*** Opening of Data in this exercise ***
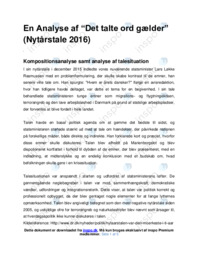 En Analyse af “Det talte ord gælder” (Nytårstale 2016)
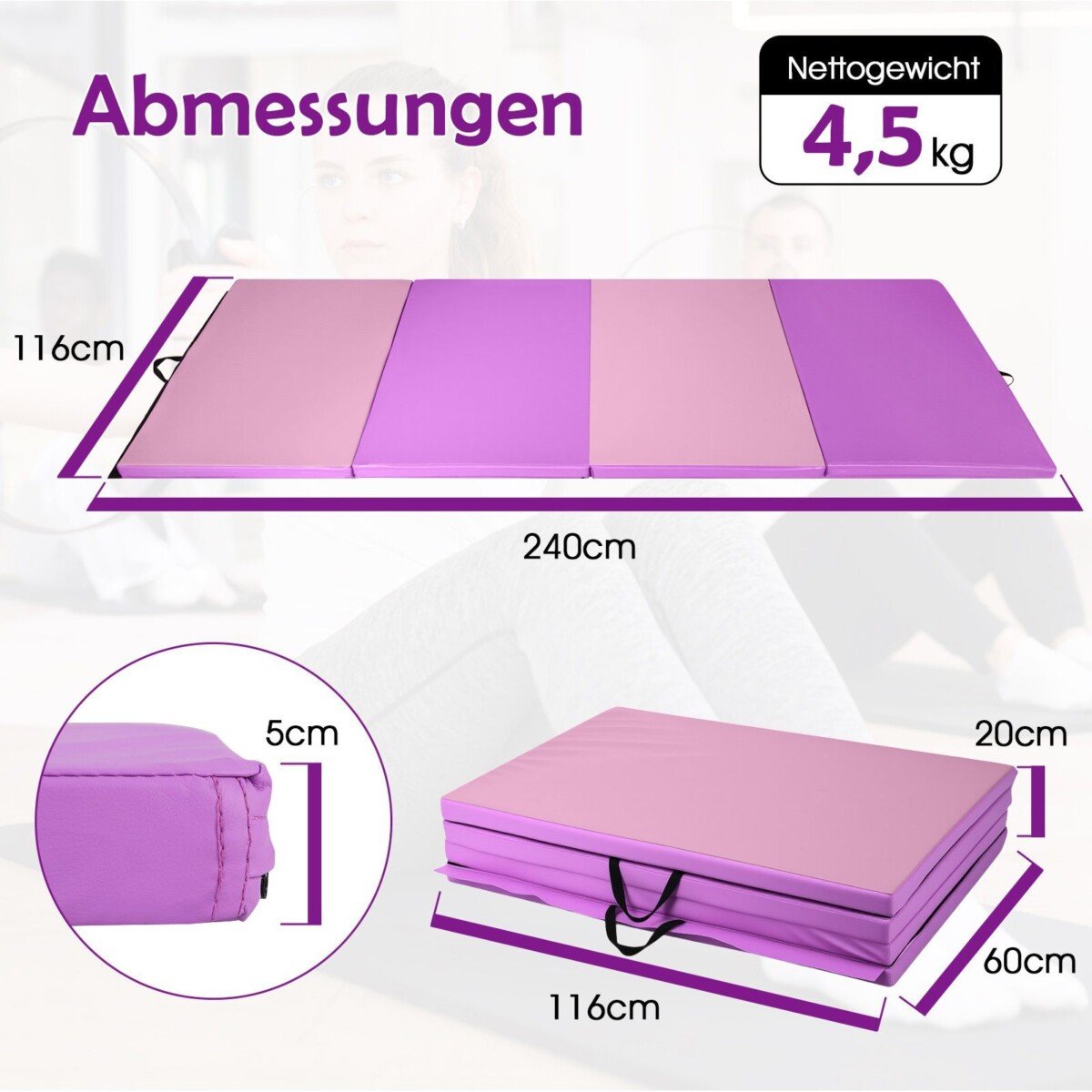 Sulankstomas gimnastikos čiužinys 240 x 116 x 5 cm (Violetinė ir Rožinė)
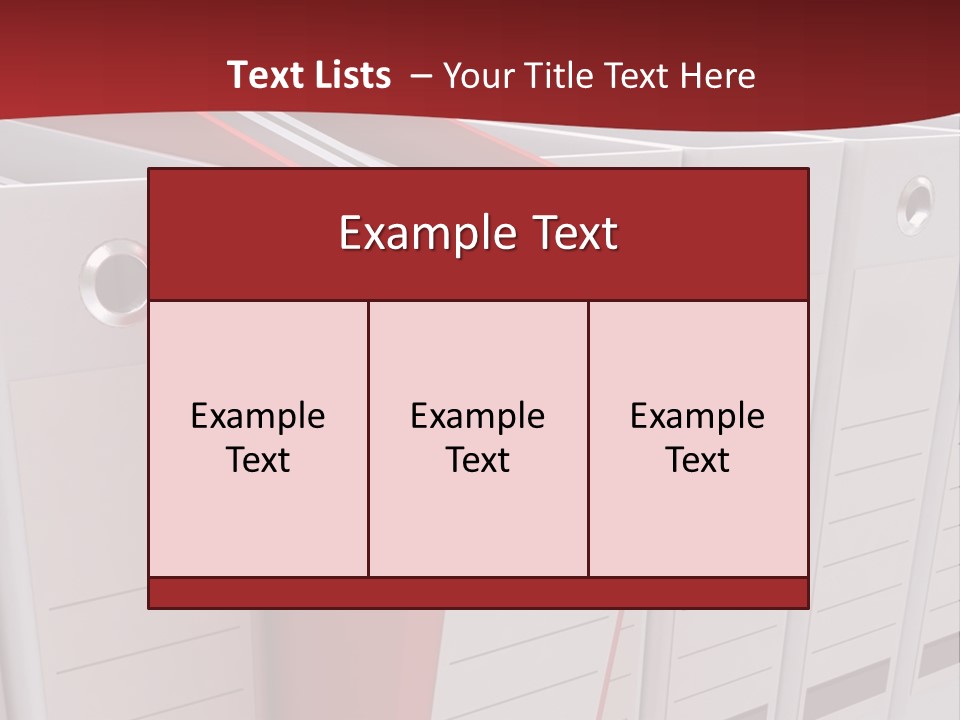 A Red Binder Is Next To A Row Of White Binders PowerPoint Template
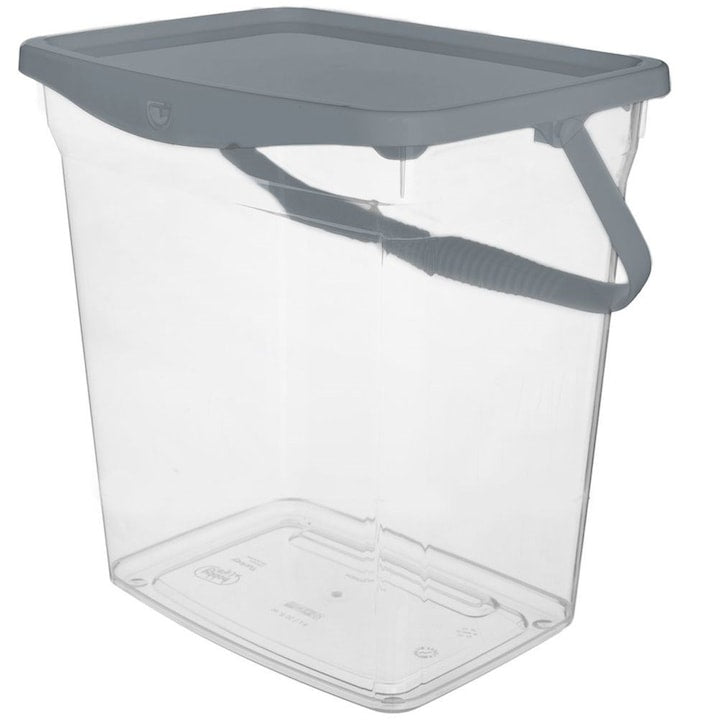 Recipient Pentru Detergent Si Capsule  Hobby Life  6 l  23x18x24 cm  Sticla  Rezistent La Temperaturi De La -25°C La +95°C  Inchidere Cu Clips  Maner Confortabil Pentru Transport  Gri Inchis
*** Close of Data in this exercise ***
*** Opening of Data in this exercise ***
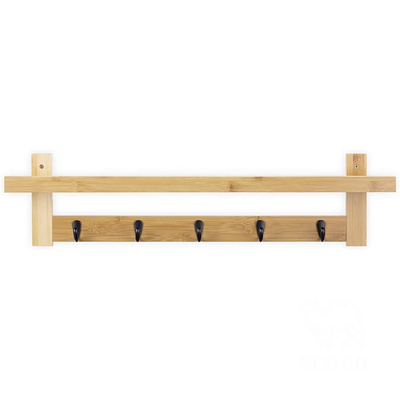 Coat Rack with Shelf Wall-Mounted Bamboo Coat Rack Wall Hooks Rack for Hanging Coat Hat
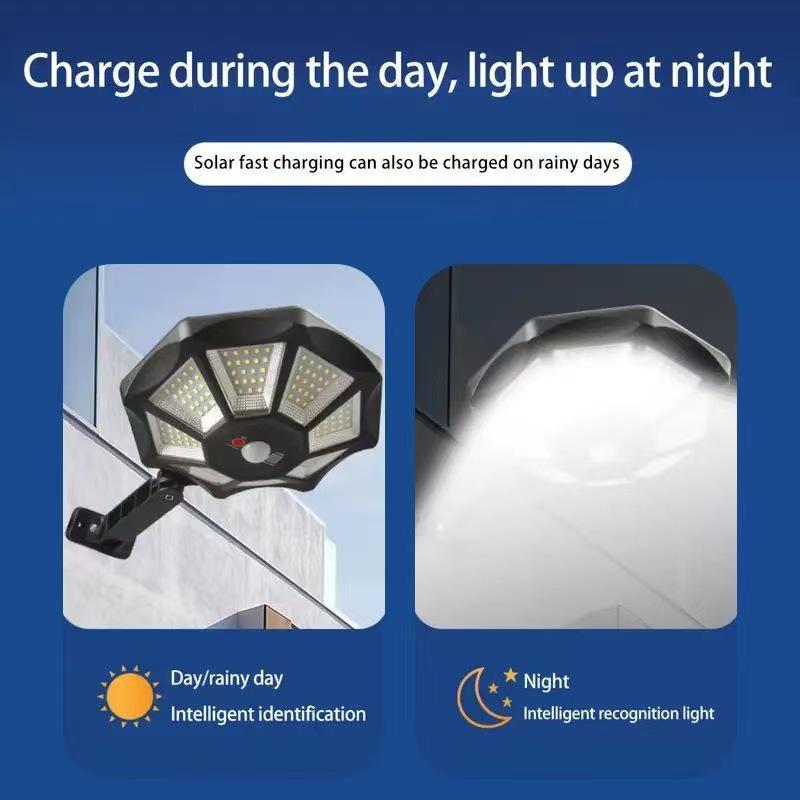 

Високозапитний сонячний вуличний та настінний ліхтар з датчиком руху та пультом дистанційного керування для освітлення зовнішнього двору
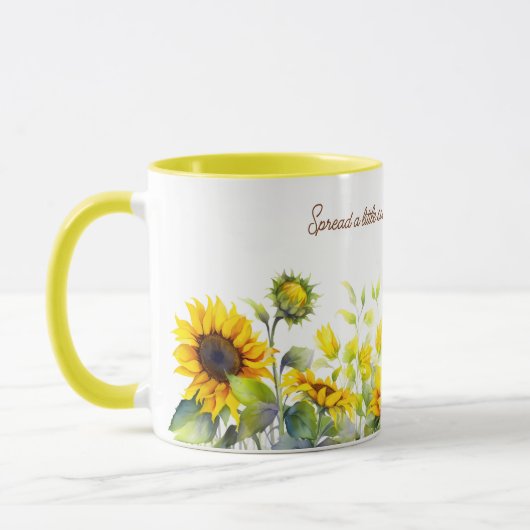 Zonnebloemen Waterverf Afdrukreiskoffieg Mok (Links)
*** Close of Data in this exercise ***
→ **Your task**
Above are some records. Output exactly the lines from the one that contains "En Analyse af" to the one that contains "Recipient Pentru Detergent", keeping both, and omit the pictures.

→ **Response to this task**
 En Analyse af “Det talte ord gælder” (Nytårstale 2016)
 Sulankstomas gimnastikos čiužinys 240 x 116 x 5 cm (Violetinė ir Rožinė)
 A Red Binder Is Next To A Row Of White Binders PowerPoint Template
 Recipient Pentru Detergent Si Capsule  Hobby Life  6 l  23x18x24 cm  Sticla  Rezistent La Temperaturi De La -25°C La +95°C  Inchidere Cu Clips  Maner Confortabil Pentru Transport  Gri Inchis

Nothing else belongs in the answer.